“O mundo é um lugar perigoso de se viver, não por causa daqueles que fazem o mal, mas sim por causa daqueles que observam e deixam o mal acontecer.”
Albert Einstein
Precisamos de mais pessoas com espírito humanitário na comunidade, e se for gestor melhor ainda. Descobrir as causas do sofrimento humano não é tarefa tão difícil: olhemos nosso governo, reflita na pessoa de nossos governantes ou mesmo suas táticas para chegar ao poder.
Queremos levar você leitor desse BLOG, a conhecer os princípios de um bom governo, para que possam discutir racionalizar e leva-los a serem multiplicadores de uma nova esperança contida na mesma que fé que é capaz de mover montanhas.
Uma cidade além de um “bom” nome para ocupar o mais alto cargo do poder executivo do município, requer uma pessoa preparada e humanizada. Este “bonzinho”, sendo financiado por dinheiro que vem de todos os lados, não saberá de que lado sairá o bronze destinado a manutenção da comunidade e o conforto de toda uma sociedade, principalmente no que tarje a situação dos mais pobres.
Estes, pobres, desamparados estão sempre em desvantagem ou mesmo em situação de risco. Pessoas em situação de vulnerabilidade mantêm o mesmo comportamento de risco em todas as eleições. Estão sempre abertos a relações desprotegidas com novos e velhos parceiros políticos – mal sabem estas desprivilegiadas pessoas que o vírus da corrupção é extremamente devastador é responsável por altas taxas de morbimortalidade e dizimam milhares de indivíduos em nossa regional.
O escritor humanista Thomas Paine em seu livro, O Senso comum diz:
“A sociedade é produzida pelas nossas necessidades, e o governo, pela nossa maldade; a primeira promove positivamente a nossa felicidade, unindo as nossas afeições, enquanto o segundo o faz negativamente, refreando nossos vícios. A primeira encoraja o intercâmbio, o segundo cria distinções.
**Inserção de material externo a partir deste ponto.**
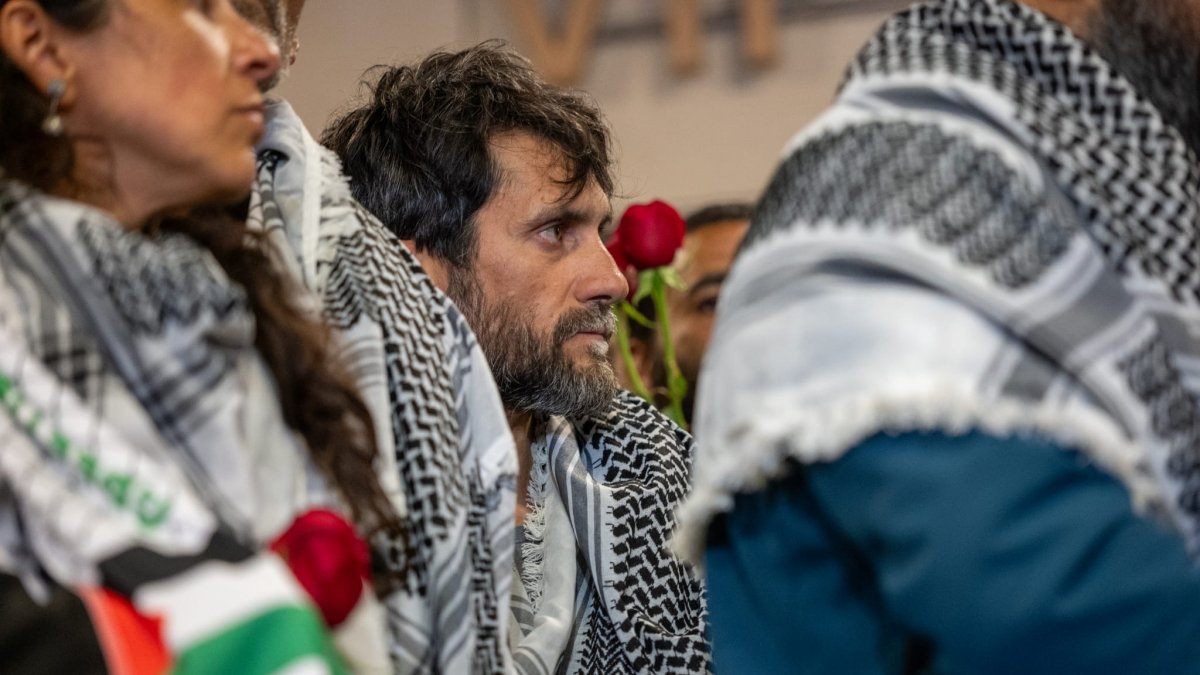Salim Malla. junto a otros miembros de la flotilla, tras ser liberado por Israel.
A primeira é uma patrocinadora, o segundo, punitivo.”
Diz ainda:
“A sociedade em qualquer estado, é uma benção, enquanto o governo, mesmo no seu melhor estado, não é mais que um mal necessário; e em seu pior estado é um mal intolerável.
Nós fornecemos ao governo, os meios pelos quais nos fazem sofrer. Retornemos a Paine:
“Se os impulsos da consciência fossem obedecidos clara, uniforme e irresistivelmente, ninguém precisaria de outro legislador; mas, como não é o caso, os homens vêem-se obrigados a ceder uma parte de sua propriedade, a fim de providenciar meios para proteger o resto; e são levados a proceder assim, levados pela mesma prudência que, em qualquer outro caso, aconselha-nos a, dentre dois males, escolher o menor.”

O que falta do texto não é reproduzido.